Plus que les deux pages consacrées à l’affaire de Baylen (1808) et au transfert des prisonniers français vers Cadix, l’un des principaux intérêts de l’album de Mosdi et Majo réside dans la description de la société captive, de la manière dont les Espagnols jouent sur les oppositions entre marins de la Royale et ceux des navires armés en course. Sans doute le trait est-il ici poussé un peu loin, de ce fait moins juste que ce qui était dit, dans le tome I, des cautionnements ou des « prisons de terre »2 : il n’y a pas de frontières nettes entre le service sur les vaisseaux de la Révolution ou de l’Empire et celui sur les navires corsaires ; l’on passe des uns aux autres et vice-versa. Il n’en reste pas moins que nombre de récits insistent sur ces recompositions des hiérarchies internes à la microsociété des pontons : non seulement les grades n’y ont plus la même valeur qu’à l’extérieur, mais les appartenances à tel ou tel corps  contribuent à créer de nouvelles solidarités.

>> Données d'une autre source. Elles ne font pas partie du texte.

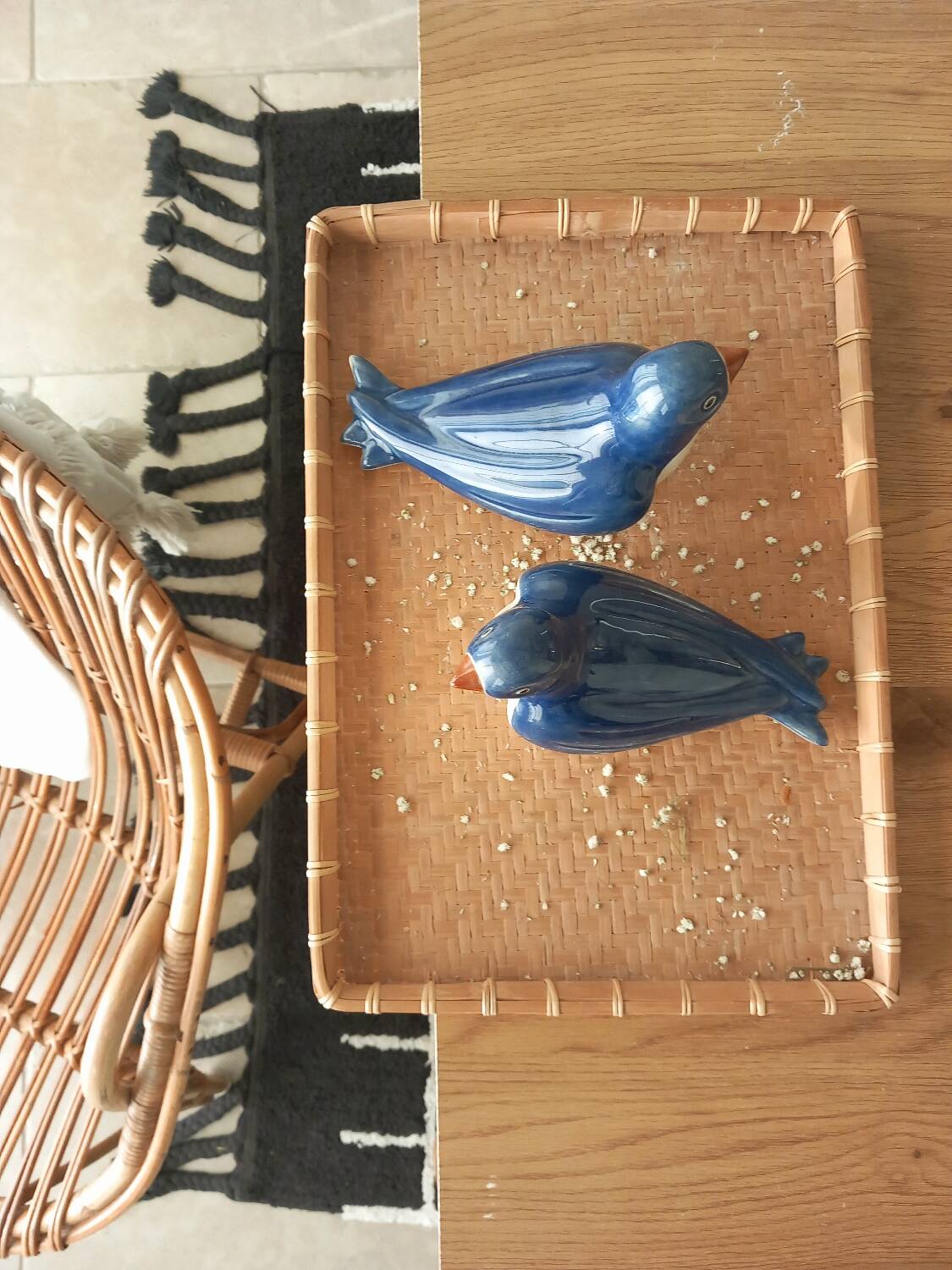 2 oiseaux bleu en Faïence émaillée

On laissera au lecteur le soin de découvrir ce que furent les conditions de vie sur ces pontons de Cadix, ou encore l’évasion – rocambolesque mais bien réelle – des prisonniers de la Vieille-Castille… en espérant que l’allusion à Cabrera, dans la dernière vignette du livre, annonce un nouvel album. Ce que l’on sait de ce qu’y vécurent les prisonniers français – dont quelques Bretons – de 1809 à 1814 constitue, indéniablement, les bases d’un scénario passionnant : des quelques 9 000 hommes et femmes qui y débarquèrent en mai 1809, seuls 3 700 retrouvèrent la France en 1814…

Yann LAGADEC

 

MOSDI, Thomas, FOLNY, Aurore et MAJO, Josse Beauregard. Mourir à Cadix, Grenoble, Glénat, 2014.

 

1 MOSDI, Thomas, FOLNY, Aurore et MAJO, Josse  Beauregard. Mourir à Cadix, Grenoble, Glénat, 2014. Afin de ne pas surcharger inutilement l’appareil critique, les références à cet ouvrage seront dorénavant indiquées dans le corps de texte, entre parenthèses.

2 MOSDI, Thomas et Majo, Josse Beauregard. De Charybde en Scylla, Grenoble, Glénat, 2012.